さっきまでは、考え事をしていると、この島で育った一人の男子としての自分ではなく、大世界での常識がわんわんと左右から意見をぶつけてきて、頭が割れそうに痛かったのだ。それがやわらいだ。
鳥が空を飛んでいく。
翼のうごきに目を奪われる。
あれは、鳥そのもののはばたきの美しさと、空を流れゆく風もあらわれているのだ。月からふりそそぐささやかな光の反射、その恩恵を受けられていない腹の色は影。
「美味しそうだよね〜。まるまると太って」
「北国だったら、氷の槍で仕留めて丸焼きだよね」
(こ、この子たちは、雪山での狩りの心得があるのだろう)
「「ミシェーラお姉さまなら一撃だぜ」」
(女王陛下が!?)
まさか、そこまでおてんばだとは思っていなかったため、国王はぎょっと目を剥いた。
(そのようなことが事実だとして、淑やかなレディを求める世界から見ればきわどいエピソードだろうに、口に出しても良かったのか。この子どもたちは無邪気そうにしているが、時として、わかっていて隙を作ることもあるのだ)
反射的に国王は思う。
(欲しい。婿に取るには……?)
算段を打切るには胆力が要った。
(面白くてうらやましい。今は、それだけにしよう)
しばらく耳を傾ければ、くるくると会話が二人の間で巡る。
「鳥は丸焼きもいいし、バラバラにして骨で煮込んだスープもいいね」
「もしまずい肉だったら、その辺の獣にあげちゃうかも。雪が降り積もってくだされば、冬には周りの栄養にもなるしね」
「そういえば、雪の中で見つかったものって人間の遺体もあったなぁ」
「フェルスノゥに向かって迷子になる人がいつもいるよね。どこの誰だか知らないけど、まぁでも埋葬してあげるだけいいじゃーん」
今咳き込んだのは体調不良のせいではない。
(この二人、絶対わかって言っとる)
おいおい、と、けっこうな露骨さに苦笑したつもりで、傍目から見れば、シワを刻んだ口元は微笑んでいた。

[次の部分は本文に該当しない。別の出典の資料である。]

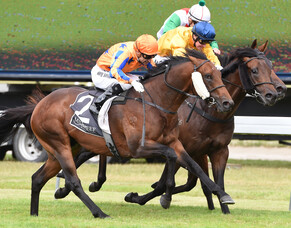 Hall of Fame's win for Canadian based Michael O'Keefe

双子はすっかり話に盛り上がり、グレア仕込みのニヤリとした表情を浮かべた。
「勝手に国境またいで来たんだもん。侵略とみなされてもしょうがないね」
「まぁね、いちいち保護して直して差し上げても、うちの国が寒い貧しい退屈だって文句が多かったことも」
「それに比べたら、雪に埋もれて冬の一部になれるだなんて、誰かの手を煩わせなくても済むし、光栄なことだから、わざわざ雪山を訪れた人にとっては幸運なんじゃないの」
「あ、でも、今時は人は丁重に扱いなさいってミシェーラ姉様は言うかもしれない。クリスお兄様の真似をしてさ」
「クリスお兄様の考えの方がバランスいい時があるってたまに言うよね。お姉様は自分が雪国女王っていう珍しい立場を活かして、強行突破ってところに才能があるし」
「内心はミシェーラお姉様こそ思っていそうだよね、冬の一部になれるなんて光栄なこと、国境侵害してきたのはそちらだし、雪山において皆平等に生き物であるのに人だけ特別扱いされるのはおかしいって!」
(知らんかった遠方国家の内情、おもしれええ〜。たまらんわい〜!)
夏の国王のテンションも上がる。
「生き物が寒さに負けて栄養になる。それは実に美しい流れだよね」
「僕らだって、いつその流れに飲み込まれるのかわからない。みんな同じなのにね」
(これがこの子らの価値観なのじゃな。ふーむ……)
こほこほと咳をして、国王は喉の調子を確認した。
少しなら話せそうだ。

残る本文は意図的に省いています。